Could Frankie be molting? I'm no expert on anything and cant wait to here what others say. But I was just wondering if the discoloration you see is actually molting feathers?


----------



## Fuzzybird (Jun 12, 2016)

I suppose it could be a possibility as I have found one of his feathers on the bottom of the cage each yesterday and today. The only reason why I doubt he's molting is because he had just gotten over a molt when I first took him home a little over two months ago. He had pin feathers on his head and some of his newly clipped flight feathers grew out. Though I do realize some birds simply molt at completely different rates. We also just moved a week ago which could have triggered a molt, but I am certain he had the discolored feathers before the move. I'm mostly certain Eleanor is starting her first molt though. Is it at all possible that when birds who are caged together will tend to molt at the same time--similar to how women's menstrual cycles line up?


----------



## aluz (Jul 24, 2011)

Welcome to the forums!  You have certainly come to the right place as you will find all you need to know on budgie care here.
Since you are relatively new to budgies, the information on the several articles and sticky threads located at the top part of each section of the forums will be extremely useful.
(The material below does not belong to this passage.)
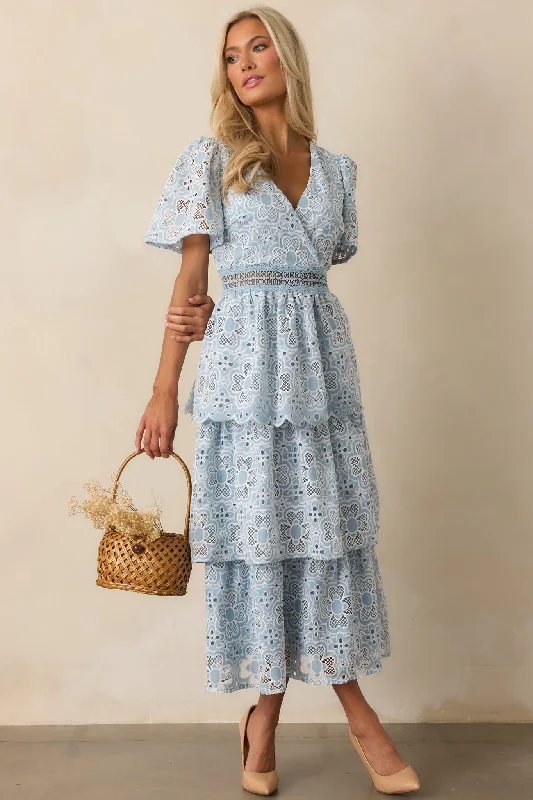 Attending A Gala Blue Floral Embroidered Midi Dress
The options you have mentioned are plausible in terms of explaining the current brown staining above your Franky's cere and you will have a better idea on your budgies' condition tomorrow after you have them examined by the avian vet specialist.

About the moults, generally speaking young budgies can start their first moult as soon as they reach 3 months old (when they loose the baby barring on the forehead area), later on at about 6 - 7 months old they will have their second moult and after reaching adulthood, they will usually have their 2 main moults (per year) during Spring time and at Fall.
Even in a larger flock during the moulting seasons it's possible to have a few pet birds who will not follow the trend and will either moult before or after this time.

Best of luck at the vet's!


----------



## Birdbaby (Jun 11, 2016)

Keep us posted as to what the vet says


----------



## FaeryBee (May 9, 2011)

*Hi Andrea and:welcome: to Talk Budgies!

I'm glad you will be seeing the Avian Vet with Franky and Eleanor tomorrow. :thumbsup: I'm hoping the vet will confirm there is no infection and Franky's feathers are discolored from a molt. I'll be looking forward to your update tomorrow after their appointment.

Please take the time to read through all of the How To Guides, the FAQs and the stickies located at the top of each section of the forum.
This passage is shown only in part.